The dosing behavior as a function of the starting frequency is shown in Table I below.

Table 1

This results in the following actual average operating times t _b for the vehicle within a calculation interval of 80 minutes.

Table 2

For _tb <80 min. the calculation interval _duration t _max = 120 min. set for the timer 21 . After expiration of t _max , the timer restarts and the calculation of the factor x₁ is restarted.

Table 3 below gives the relationships between the Starting frequency or the number of starting operations (start) and the size of the factor X₁ again.
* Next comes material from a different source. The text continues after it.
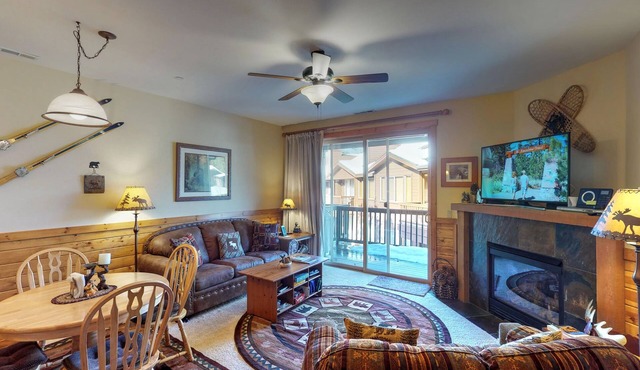 Rustic Mountain Getaway | Queen Suite, Bunk, Desk & Games, Near Downtown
0.5 Anf. per 120 sec. X₁ = 1.25 1 × Anf. X₁ = 1 2 × Anf. X₁ = 0.83 3 × Anf. X₁ = 0.76 4 × Anf. X₁ = 0.71 5 × Anf. X₁ = 0.66

This results in multiplication X₁ × Δt _N the following Dosierimpulsintervalle .DELTA.t:

Table 4

Another possibility influencing the pulse intervals of drug dosing can be done by the factor X₂, which is given in dependence on the preset average consumption of the vehicle. At the previously determined metering pulse intervals, an average consumption of 10 l / 100 km a was assumed. In Table 5 below, the factor X₂ for the average consumption of 10 l / 100 km is given as "1.0". In addition, other factors X₂ are given for higher and lower average consumptions. The table 5 is stored in the memory device 16 .
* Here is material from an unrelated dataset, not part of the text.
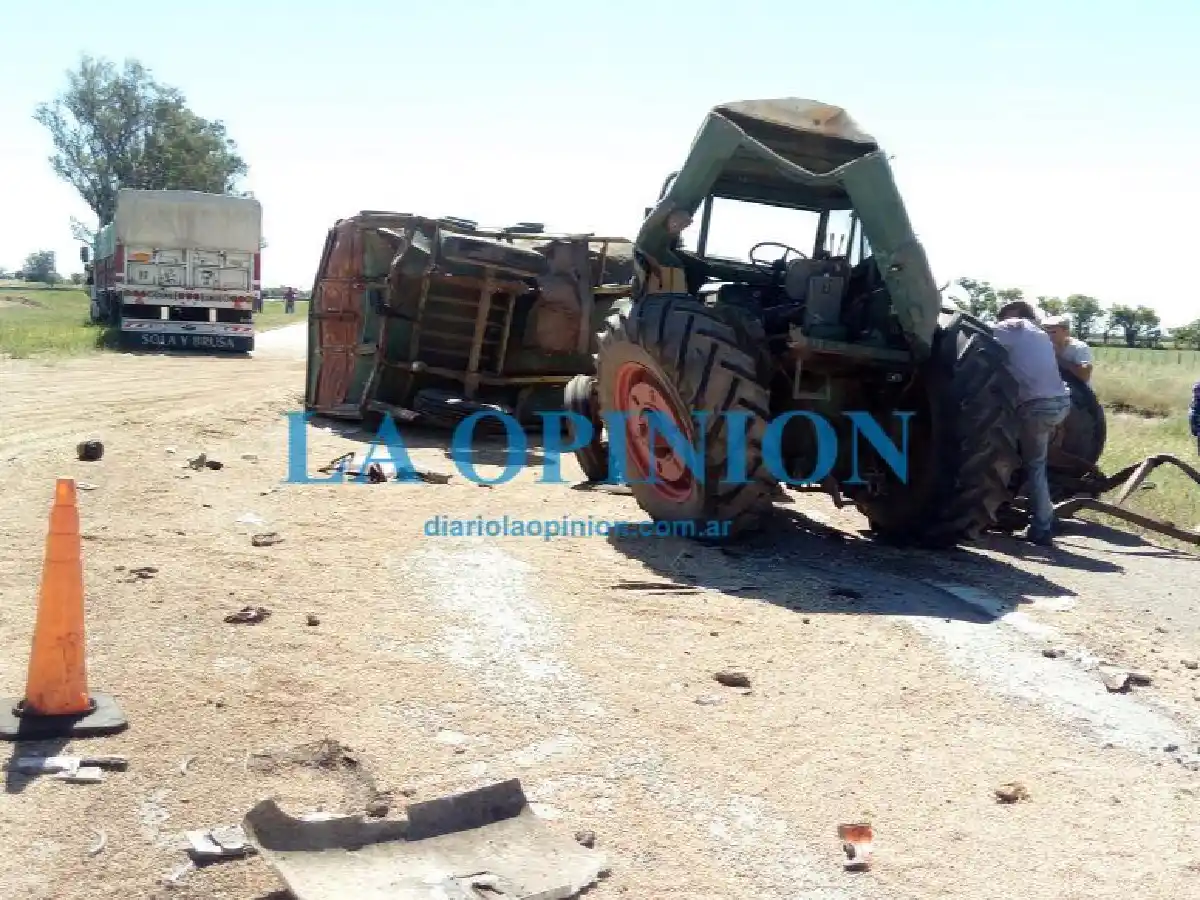 Camión y tractore chocaron en la autovía 19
Depending on the factors X₁ and X₂, the computing unit 13 calculates the calculation interval Δt of the metering pulses according to the relationship

Δt = X₁ × X₂ × Δt _N.

Table 5

Claims (8)

1. A method for the pulse-wise metered addition of additives in a line ( 20 ) of a consumer, preferably in the fuel line of a driving zeugs, characterized in that the current performance of the United consumer measured in a calculation interval (t _max ) ge and depending on the Pulse spacing (.DELTA.t) of the metering pulses is determined. 2. The method according to claim 1, characterized in that when adding the additives in the fuel line of a vehicle as operating behavior, the Anfahrhäufigkeit (Anf.) Of the vehicle in the Be calculation interval (t _max ) is measured. 3. The method according to claim 2, characterized in that different areas for the driving frequency to a factor (X₁) is assigned, which is multiplied by a normal value (At _N ) of the pulse interval. 4. The method according to claim 2 or 3, characterized marked records that the dosing start by pressing the Starter of the vehicle is initiated. 5. The method according to any one of claims 1 to 4, characterized in that the pulse interval of the metering pulses in addition via a selector switch ( 15 ) can be influenced. 6. Apparatus for carrying out the method according to any one of claims 1 to 4, characterized in that a counter ( 10 ) for counting charac teristischer operating conditions of the consumer within predetermined calculation intervals (t _max ) is provided that a table is provided, the corresponding the counter reading of the counter ( 10 ) different factors (X₁) outputs and that a computing unit ( 13 ) multiplies the respective factor (X₁) with a normal value (.DELTA.t _N ) of Impulsab stood and thereby calculates the current pulse spacing (.DELTA.t). 7. Apparatus according to claim 6, characterized in that the arithmetic unit ( 13 ) receives from a second table of a second factor (X₂) in dependence on the setting of a preselection scarf age ( 15 ). 8. Apparatus according to claim 6 or 7, characterized in that a timer ( 21 ) for the loading calculation intervals (t _max ) is provided, which shortens the calculation intervals with increasing count of the counter ( 10 ).